Start of Exercise materials

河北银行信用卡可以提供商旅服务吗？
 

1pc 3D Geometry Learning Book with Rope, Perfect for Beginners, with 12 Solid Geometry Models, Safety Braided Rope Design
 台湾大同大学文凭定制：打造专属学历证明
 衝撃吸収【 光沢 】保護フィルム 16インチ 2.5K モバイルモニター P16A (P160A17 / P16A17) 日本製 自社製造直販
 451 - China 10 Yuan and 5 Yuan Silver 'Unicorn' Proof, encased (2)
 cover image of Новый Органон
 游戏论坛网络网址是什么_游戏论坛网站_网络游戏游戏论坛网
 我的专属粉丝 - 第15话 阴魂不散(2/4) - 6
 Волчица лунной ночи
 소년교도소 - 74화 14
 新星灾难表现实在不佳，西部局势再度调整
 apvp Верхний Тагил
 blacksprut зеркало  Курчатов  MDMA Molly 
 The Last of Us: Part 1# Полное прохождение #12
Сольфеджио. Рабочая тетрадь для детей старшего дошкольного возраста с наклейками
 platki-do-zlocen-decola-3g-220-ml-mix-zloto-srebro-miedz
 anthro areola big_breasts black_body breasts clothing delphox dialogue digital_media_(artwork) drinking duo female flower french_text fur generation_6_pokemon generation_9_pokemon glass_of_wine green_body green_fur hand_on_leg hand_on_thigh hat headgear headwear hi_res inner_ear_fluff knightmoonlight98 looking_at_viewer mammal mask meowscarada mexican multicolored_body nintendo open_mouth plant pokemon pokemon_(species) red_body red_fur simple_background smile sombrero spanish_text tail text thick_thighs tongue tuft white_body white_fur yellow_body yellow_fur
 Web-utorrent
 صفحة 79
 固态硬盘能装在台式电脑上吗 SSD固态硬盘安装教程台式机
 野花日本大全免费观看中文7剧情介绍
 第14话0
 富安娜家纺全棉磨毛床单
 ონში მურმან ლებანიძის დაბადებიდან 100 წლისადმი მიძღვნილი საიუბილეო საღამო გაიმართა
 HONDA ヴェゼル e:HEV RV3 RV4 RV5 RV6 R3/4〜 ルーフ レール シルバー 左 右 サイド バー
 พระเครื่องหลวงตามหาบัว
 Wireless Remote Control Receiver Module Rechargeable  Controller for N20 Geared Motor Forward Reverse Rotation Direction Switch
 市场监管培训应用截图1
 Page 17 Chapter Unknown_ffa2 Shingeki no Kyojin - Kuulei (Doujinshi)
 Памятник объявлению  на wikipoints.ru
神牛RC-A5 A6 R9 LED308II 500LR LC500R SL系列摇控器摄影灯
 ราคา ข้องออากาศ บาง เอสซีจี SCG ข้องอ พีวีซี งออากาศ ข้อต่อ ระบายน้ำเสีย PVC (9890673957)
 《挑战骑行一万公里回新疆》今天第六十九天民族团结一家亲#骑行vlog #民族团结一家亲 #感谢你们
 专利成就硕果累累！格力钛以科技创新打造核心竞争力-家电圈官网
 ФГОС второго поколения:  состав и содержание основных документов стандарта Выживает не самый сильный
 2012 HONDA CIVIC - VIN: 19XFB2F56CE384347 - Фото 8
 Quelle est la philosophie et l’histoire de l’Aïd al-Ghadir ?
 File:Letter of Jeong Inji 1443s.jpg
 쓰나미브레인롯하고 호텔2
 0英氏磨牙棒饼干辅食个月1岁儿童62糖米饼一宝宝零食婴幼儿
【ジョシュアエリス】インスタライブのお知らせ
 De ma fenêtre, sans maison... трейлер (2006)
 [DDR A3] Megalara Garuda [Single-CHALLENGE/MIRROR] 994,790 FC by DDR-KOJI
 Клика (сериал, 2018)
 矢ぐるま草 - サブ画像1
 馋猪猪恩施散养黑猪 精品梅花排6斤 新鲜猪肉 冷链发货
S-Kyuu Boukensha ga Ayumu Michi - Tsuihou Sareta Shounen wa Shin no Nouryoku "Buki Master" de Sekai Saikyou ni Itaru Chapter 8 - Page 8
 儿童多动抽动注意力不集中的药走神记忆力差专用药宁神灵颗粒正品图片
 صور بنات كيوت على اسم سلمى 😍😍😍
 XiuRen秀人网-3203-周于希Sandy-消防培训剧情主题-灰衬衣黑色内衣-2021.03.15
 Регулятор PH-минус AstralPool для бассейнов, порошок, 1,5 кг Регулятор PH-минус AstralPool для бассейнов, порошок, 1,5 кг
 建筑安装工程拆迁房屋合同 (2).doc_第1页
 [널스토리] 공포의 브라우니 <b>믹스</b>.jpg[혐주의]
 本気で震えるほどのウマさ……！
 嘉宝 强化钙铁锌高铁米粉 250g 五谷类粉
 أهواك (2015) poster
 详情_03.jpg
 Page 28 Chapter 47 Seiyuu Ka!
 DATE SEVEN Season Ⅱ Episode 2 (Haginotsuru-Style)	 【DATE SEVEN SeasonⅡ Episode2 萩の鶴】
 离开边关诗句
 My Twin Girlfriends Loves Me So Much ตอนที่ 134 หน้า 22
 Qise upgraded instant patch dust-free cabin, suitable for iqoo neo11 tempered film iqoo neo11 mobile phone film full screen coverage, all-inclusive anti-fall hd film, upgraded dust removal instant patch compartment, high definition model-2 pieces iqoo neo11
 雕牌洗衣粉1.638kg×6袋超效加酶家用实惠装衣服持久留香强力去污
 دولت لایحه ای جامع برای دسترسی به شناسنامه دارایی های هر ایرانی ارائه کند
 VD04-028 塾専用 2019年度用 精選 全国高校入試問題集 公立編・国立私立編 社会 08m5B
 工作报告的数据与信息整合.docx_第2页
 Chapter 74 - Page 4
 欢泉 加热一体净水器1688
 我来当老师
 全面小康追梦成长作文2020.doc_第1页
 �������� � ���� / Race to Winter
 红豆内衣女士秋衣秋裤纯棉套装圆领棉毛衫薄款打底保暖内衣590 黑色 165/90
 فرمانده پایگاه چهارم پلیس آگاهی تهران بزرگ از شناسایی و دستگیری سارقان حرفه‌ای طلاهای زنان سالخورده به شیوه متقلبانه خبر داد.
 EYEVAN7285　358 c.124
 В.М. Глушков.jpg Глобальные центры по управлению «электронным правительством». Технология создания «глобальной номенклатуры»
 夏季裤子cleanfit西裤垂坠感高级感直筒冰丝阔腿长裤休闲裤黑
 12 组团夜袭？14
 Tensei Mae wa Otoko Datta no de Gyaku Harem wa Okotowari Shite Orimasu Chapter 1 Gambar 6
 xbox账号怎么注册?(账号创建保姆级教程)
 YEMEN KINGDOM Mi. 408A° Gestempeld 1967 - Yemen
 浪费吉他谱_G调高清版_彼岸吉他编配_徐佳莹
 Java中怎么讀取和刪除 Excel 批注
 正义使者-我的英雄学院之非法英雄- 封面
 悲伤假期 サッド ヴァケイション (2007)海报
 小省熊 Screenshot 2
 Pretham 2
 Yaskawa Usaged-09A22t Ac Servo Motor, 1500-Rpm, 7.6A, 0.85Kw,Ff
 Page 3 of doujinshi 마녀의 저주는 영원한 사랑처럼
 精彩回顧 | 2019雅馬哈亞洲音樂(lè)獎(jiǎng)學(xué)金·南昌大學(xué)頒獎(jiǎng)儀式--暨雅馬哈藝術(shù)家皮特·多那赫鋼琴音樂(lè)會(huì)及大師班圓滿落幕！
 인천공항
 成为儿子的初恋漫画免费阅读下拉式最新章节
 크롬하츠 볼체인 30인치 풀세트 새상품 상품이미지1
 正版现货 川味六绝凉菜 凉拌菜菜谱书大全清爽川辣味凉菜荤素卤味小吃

End of Exercise materials

Aim of the task >> Output the material above in full. Change nothing.

Exercise result >>
河北银行信用卡可以提供商旅服务吗？
 

1pc 3D Geometry Learning Book with Rope, Perfect for Beginners, with 12 Solid Geometry Models, Safety Braided Rope Design
 台湾大同大学文凭定制：打造专属学历证明
 衝撃吸収【 光沢 】保護フィルム 16インチ 2.5K モバイルモニター P16A (P160A17 / P16A17) 日本製 自社製造直販
 451 - China 10 Yuan and 5 Yuan Silver 'Unicorn' Proof, encased (2)
 cover image of Новый Органон
 游戏论坛网络网址是什么_游戏论坛网站_网络游戏游戏论坛网
 我的专属粉丝 - 第15话 阴魂不散(2/4) - 6
 Волчица лунной ночи
 소년교도소 - 74화 14
 新星灾难表现实在不佳，西部局势再度调整
 apvp Верхний Тагил
 blacksprut зеркало  Курчатов  MDMA Molly 
 The Last of Us: Part 1# Полное прохождение #12
Сольфеджио. Рабочая тетрадь для детей старшего дошкольного возраста с наклейками
 platki-do-zlocen-decola-3g-220-ml-mix-zloto-srebro-miedz
 anthro areola big_breasts black_body breasts clothing delphox dialogue digital_media_(artwork) drinking duo female flower french_text fur generation_6_pokemon generation_9_pokemon glass_of_wine green_body green_fur hand_on_leg hand_on_thigh hat headgear headwear hi_res inner_ear_fluff knightmoonlight98 looking_at_viewer mammal mask meowscarada mexican multicolored_body nintendo open_mouth plant pokemon pokemon_(species) red_body red_fur simple_background smile sombrero spanish_text tail text thick_thighs tongue tuft white_body white_fur yellow_body yellow_fur
 Web-utorrent
 صفحة 79
 固态硬盘能装在台式电脑上吗 SSD固态硬盘安装教程台式机
 野花日本大全免费观看中文7剧情介绍
 第14话0
 富安娜家纺全棉磨毛床单
 ონში მურმან ლებანიძის დაბადებიდან 100 წლისადმი მიძღვნილი საიუბილეო საღამო გაიმართა
 HONDA ヴェゼル e:HEV RV3 RV4 RV5 RV6 R3/4〜 ルーフ レール シルバー 左 右 サイド バー
 พระเครื่องหลวงตามหาบัว
 Wireless Remote Control Receiver Module Rechargeable  Controller for N20 Geared Motor Forward Reverse Rotation Direction Switch
 市场监管培训应用截图1
 Page 17 Chapter Unknown_ffa2 Shingeki no Kyojin - Kuulei (Doujinshi)
 Памятник объявлению  на wikipoints.ru
神牛RC-A5 A6 R9 LED308II 500LR LC500R SL系列摇控器摄影灯
 ราคา ข้องออากาศ บาง เอสซีจี SCG ข้องอ พีวีซี งออากาศ ข้อต่อ ระบายน้ำเสีย PVC (9890673957)
 《挑战骑行一万公里回新疆》今天第六十九天民族团结一家亲#骑行vlog #民族团结一家亲 #感谢你们
 专利成就硕果累累！格力钛以科技创新打造核心竞争力-家电圈官网
 ФГОС второго поколения:  состав и содержание основных документов стандарта Выживает не самый сильный
 2012 HONDA CIVIC - VIN: 19XFB2F56CE384347 - Фото 8
 Quelle est la philosophie et l’histoire de l’Aïd al-Ghadir ?
 File:Letter of Jeong Inji 1443s.jpg
 쓰나미브레인롯하고 호텔2
 0英氏磨牙棒饼干辅食个月1岁儿童62糖米饼一宝宝零食婴幼儿
【ジョシュアエリス】インスタライブのお知らせ
 De ma fenêtre, sans maison... трейлер (2006)
 [DDR A3] Megalara Garuda [Single-CHALLENGE/MIRROR] 994,790 FC by DDR-KOJI
 Клика (сериал, 2018)
 矢ぐるま草 - サブ画像1
 馋猪猪恩施散养黑猪 精品梅花排6斤 新鲜猪肉 冷链发货
S-Kyuu Boukensha ga Ayumu Michi - Tsuihou Sareta Shounen wa Shin no Nouryoku "Buki Master" de Sekai Saikyou ni Itaru Chapter 8 - Page 8
 儿童多动抽动注意力不集中的药走神记忆力差专用药宁神灵颗粒正品图片
 صور بنات كيوت على اسم سلمى 😍😍😍
 XiuRen秀人网-3203-周于希Sandy-消防培训剧情主题-灰衬衣黑色内衣-2021.03.15
 Регулятор PH-минус AstralPool для бассейнов, порошок, 1,5 кг Регулятор PH-минус AstralPool для бассейнов, порошок, 1,5 кг
 建筑安装工程拆迁房屋合同 (2).doc_第1页
 [널스토리] 공포의 브라우니 <b>믹스</b>.jpg[혐주의]
 本気で震えるほどのウマさ……！
 嘉宝 强化钙铁锌高铁米粉 250g 五谷类粉
 أهواك (2015) poster
 详情_03.jpg
 Page 28 Chapter 47 Seiyuu Ka!
 DATE SEVEN Season Ⅱ Episode 2 (Haginotsuru-Style)	 【DATE SEVEN SeasonⅡ Episode2 萩の鶴】
 离开边关诗句
 My Twin Girlfriends Loves Me So Much ตอนที่ 134 หน้า 22
 Qise upgraded instant patch dust-free cabin, suitable for iqoo neo11 tempered film iqoo neo11 mobile phone film full screen coverage, all-inclusive anti-fall hd film, upgraded dust removal instant patch compartment, high definition model-2 pieces iqoo neo11
 雕牌洗衣粉1.638kg×6袋超效加酶家用实惠装衣服持久留香强力去污
 دولت لایحه ای جامع برای دسترسی به شناسنامه دارایی های هر ایرانی ارائه کند
 VD04-028 塾専用 2019年度用 精選 全国高校入試問題集 公立編・国立私立編 社会 08m5B
 工作报告的数据与信息整合.docx_第2页
 Chapter 74 - Page 4
 欢泉 加热一体净水器1688
 我来当老师
 全面小康追梦成长作文2020.doc_第1页
 �������� � ���� / Race to Winter
 红豆内衣女士秋衣秋裤纯棉套装圆领棉毛衫薄款打底保暖内衣590 黑色 165/90
 فرمانده پایگاه چهارم پلیس آگاهی تهران بزرگ از شناسایی و دستگیری سارقان حرفه‌ای طلاهای زنان سالخورده به شیوه متقلبانه خبر داد.
 EYEVAN7285　358 c.124
 В.М. Глушков.jpg Глобальные центры по управлению «электронным правительством». Технология создания «глобальной номенклатуры»
 夏季裤子cleanfit西裤垂坠感高级感直筒冰丝阔腿长裤休闲裤黑
 12 组团夜袭？14
 Tensei Mae wa Otoko Datta no de Gyaku Harem wa Okotowari Shite Orimasu Chapter 1 Gambar 6
 xbox账号怎么注册?(账号创建保姆级教程)
 YEMEN KINGDOM Mi. 408A° Gestempeld 1967 - Yemen
 浪费吉他谱_G调高清版_彼岸吉他编配_徐佳莹
 Java中怎么讀取和刪除 Excel 批注
 正义使者-我的英雄学院之非法英雄- 封面
 悲伤假期 サッド ヴァケイション (2007)海报
 小省熊 Screenshot 2
 Pretham 2
 Yaskawa Usaged-09A22t Ac Servo Motor, 1500-Rpm, 7.6A, 0.85Kw,Ff
 Page 3 of doujinshi 마녀의 저주는 영원한 사랑처럼
 精彩回顧 | 2019雅馬哈亞洲音樂(lè)獎(jiǎng)學(xué)金·南昌大學(xué)頒獎(jiǎng)儀式--暨雅馬哈藝術(shù)家皮特·多那赫鋼琴音樂(lè)會(huì)及大師班圓滿落幕！
 인천공항
 成为儿子的初恋漫画免费阅读下拉式最新章节
 크롬하츠 볼체인 30인치 풀세트 새상품 상품이미지1
 正版现货 川味六绝凉菜 凉拌菜菜谱书大全清爽川辣味凉菜荤素卤味小吃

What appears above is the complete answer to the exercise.